Why is this happening? The service cuts and fare hikes in the proposed $3.1 billion budget attempt to pay down the $290 million shortfall from the 2017 fiscal year – a deficit struggle WMATA’s budget report blames on declining ridership. The report estimates that the new budget will further decline ridership by approximately 15 million trips in the 2018 fiscal year.

But bus operators at a January 30th public hearing at WMATA’s headquarters argued that ridership is “at an all time high,” according to bus operator Linda Mercer, yet fares cannot be collected for a variety of technical issues, such as broken fare collection boxes on many buses.

In addition to cutting 31 bus routes, the budget proposal would decrease train frequencies, with trains running every six to eight minutes during rush hour and every 12-15 minutes off-peak. It will also eliminate 500 operations and administrative positions at WMATA. The agency hopes that cuts to its operating budget will allow room in its capital budget to pay for SafeTrack repairs and purchase more 7000 Series rail cars (otherwise known as the “New Train” cars).

“Metro has to face reality when it comes to what the region says it can afford and direct those resources to best serve the riders we have today,” WMATA general manager Paul Wiedefeld said in an October press release. “This plan has Metro doing everything in our power to get major expense categories under control while improving safety and making trains run on time.”

However, many riders at the hearing told the Board of Directors that they might lose their jobs if their bus route was eliminated. Some riders calculated how much more money they would have to spend per week riding Metro instead of the bus – a substitute the budget report proposed for riders who would lose their bus route.

When WMATA considered reducing late night Metrorail service permanently, the public transit agency conducted a Civil Rights Act Title VI study to assess the effects of service cuts. According to journalist Maggie Farley at WAMU, “The study did conclude that reduction in late night service and fare increases would affect low-income riders and minorities disproportionately.”

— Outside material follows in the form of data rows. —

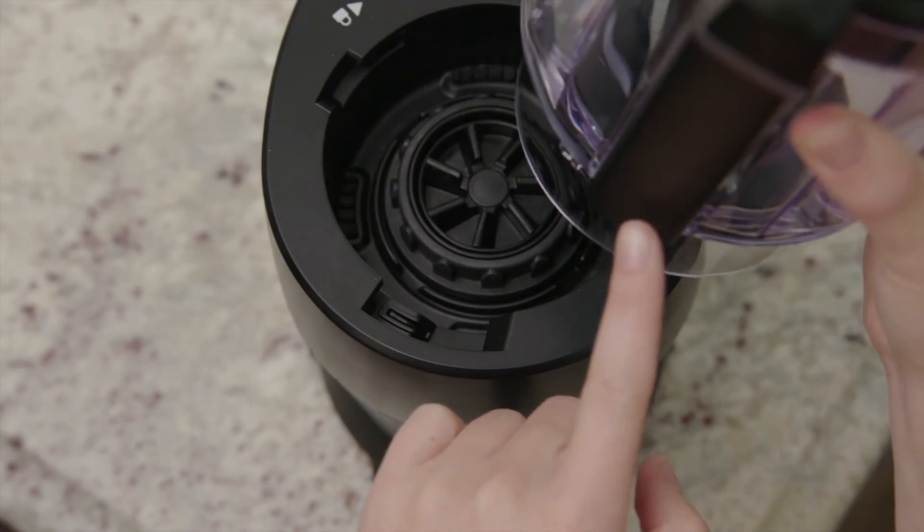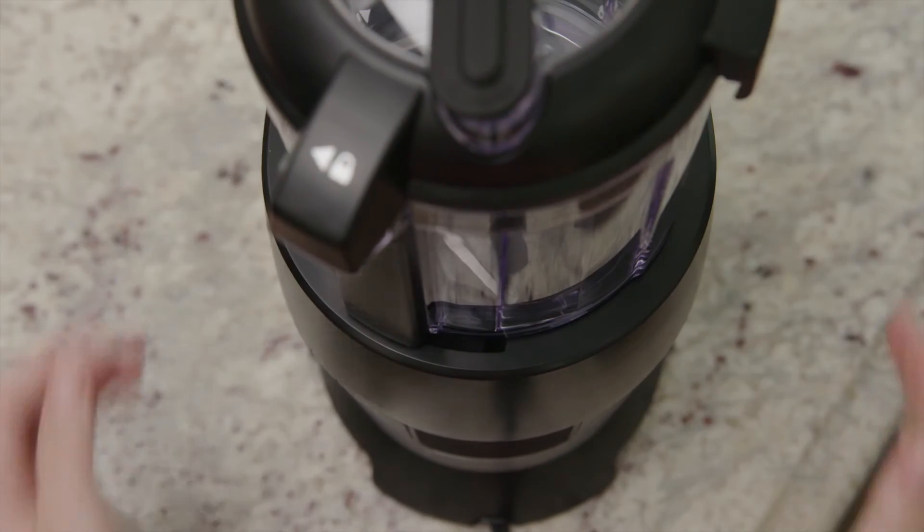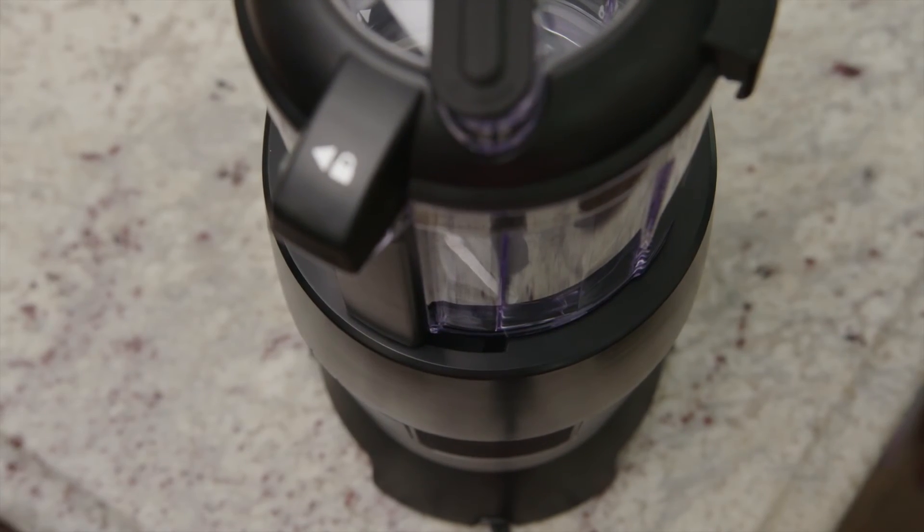Next, lower the assembled bowl into the motor base, making sure the spine is facing the back of the base. Turn clockwise to lock into place. And that's it!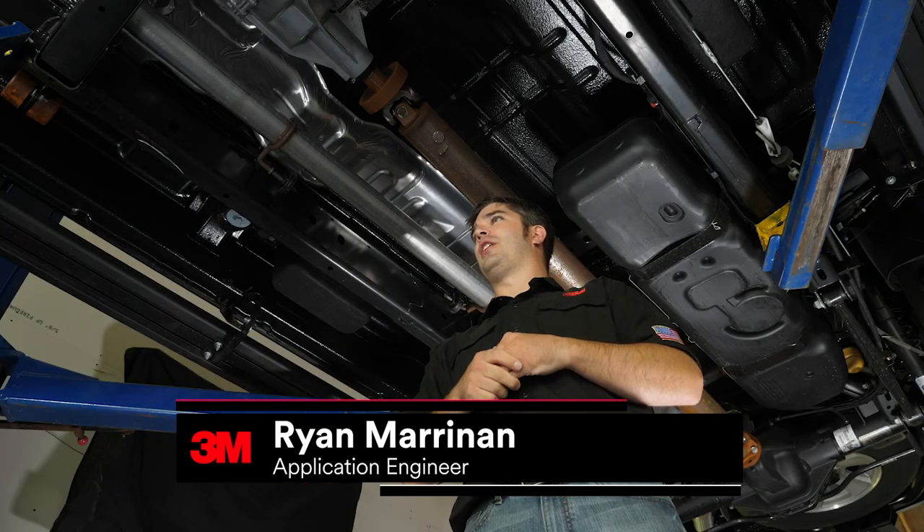Hey everybody, Ryan Marinin here for 3M. In this video we're going to talk about putting cavity wax inside frame rails and inner cavities of the vehicle. Let's get started.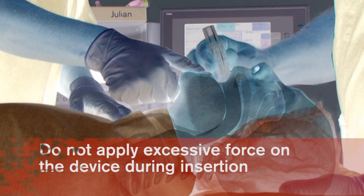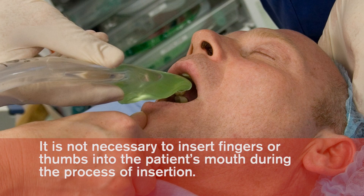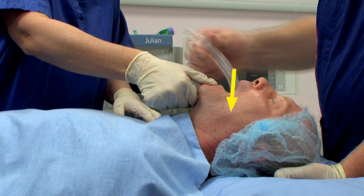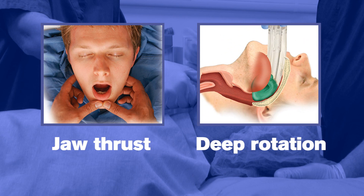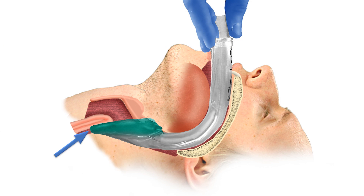Glide the device downwards and backwards along the hard palate with a continuous but gentle push until a definitive resistance is felt. Do not apply excessive force on the device during insertion. It is not necessary to insert fingers or thumbs into the patient's mouth during the process of insertion. If there is early resistance during insertion, a jaw thrust or insertion with deep rotation is recommended. When inserted to a definitive resistance, the tip of the iGel should be located into the upper esophageal opening and the cuff should be located against the laryngeal framework.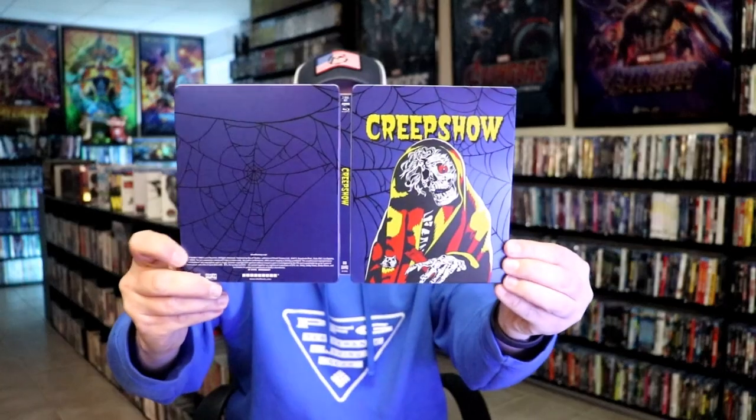Overall, I'm really happy with this particular Steelbook release. I think it has some great looking artwork. I do like the way that it looks, and so I'm very happy to have this one in the collection.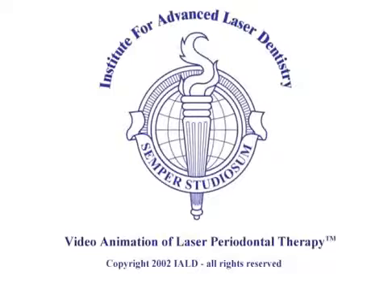This is the video animation of the FDA-cleared laser periodontal procedure called Laser Assisted New Attachment Procedure, or LANAP.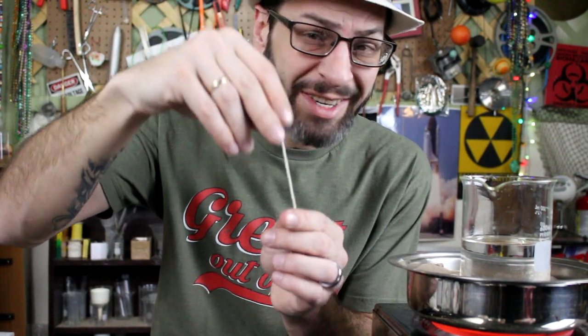I'm just using a zinc washer to kind of weight it down, and then we're going to dip it in the wax, and this will make our candle wick.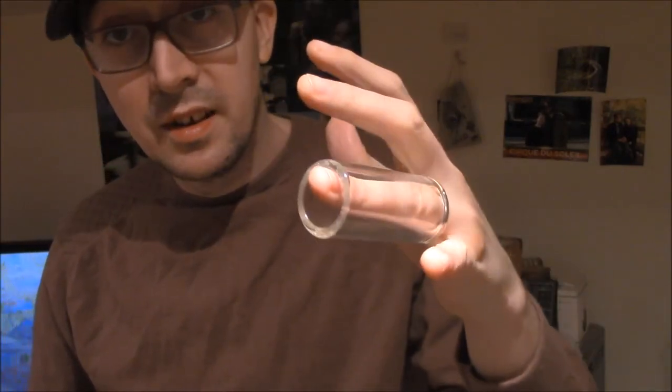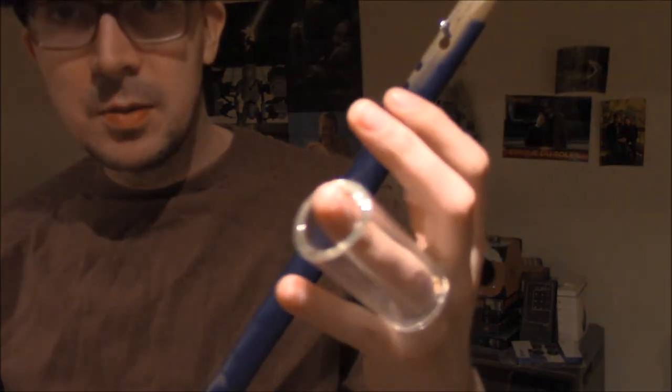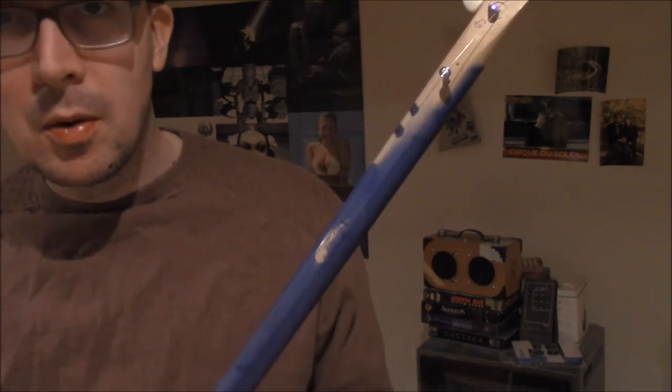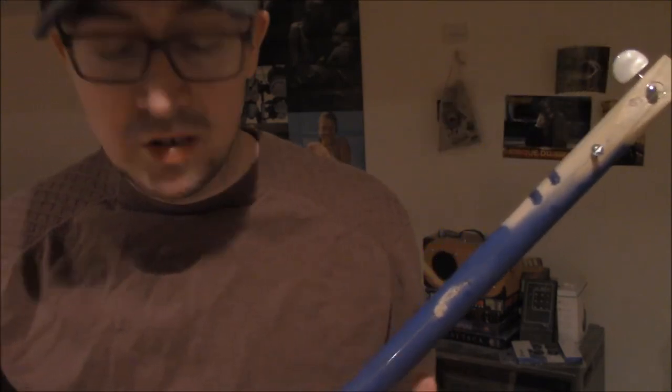That's plastic, and this is glass. As you can see, it's too large for my finger. I thought it would be okay — it might be okay, but I probably want to get a more form-fitting slide. But this is glass compared to plastic.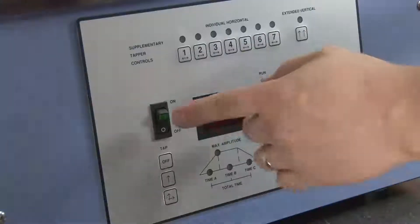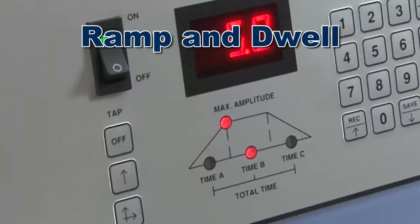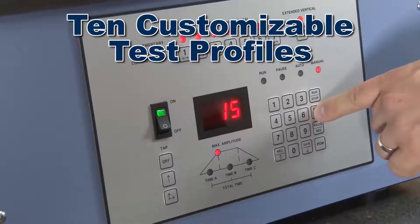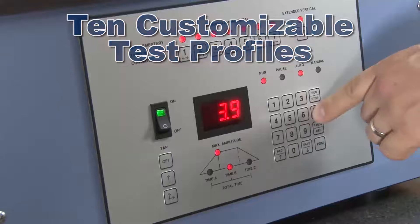The Ultrasiever has an easy-to-use control panel that regulates vibration amplitude, ramp and dwell, test time, and tapping action, as well as 10 fully customizable profiles to assure reproducible test results.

The Brookings Institution found this to be a pronounced trend as low-income jobs move towards suburbs. In a 2015 study, Brookings researchers wrote, “61 percent of high-poverty tracts (with poverty rates above 20 percent) and 55 percent of majority-minority neighborhoods experienced declines in job proximity between 2000 and 2015.”

WMATA currently does not have a fare assistance program to help low-income riders afford public transportation, even though transit agencies such as TriMet in Portland, Oregon and King’s County Transit in Seattle, Washington provide reduced fare programs for low-income people.

Robert Puentes, the president of the Eno Center for Transportation, a non-partisan think tank, suggests that WMATA think outside the box to better serve riders. He noted the partnership between the Kansas City Area Transportation Authority (KCATA) and Bridj, an on-demand ride-hailing company similar to Uber or Lyft. Through the partnership, KCATA subsidizes riders to use ride-sharing, saving both riders and the Authority time and money. “There are so many innovations that are happening on the transportation side that there is no reason why this region should not be able to solve a range of different problems,” Puentes said.

The Board of Directors is incorporating feedback from the public to adjust the budget proposal before ultimately deciding to accept or reject the budget in March.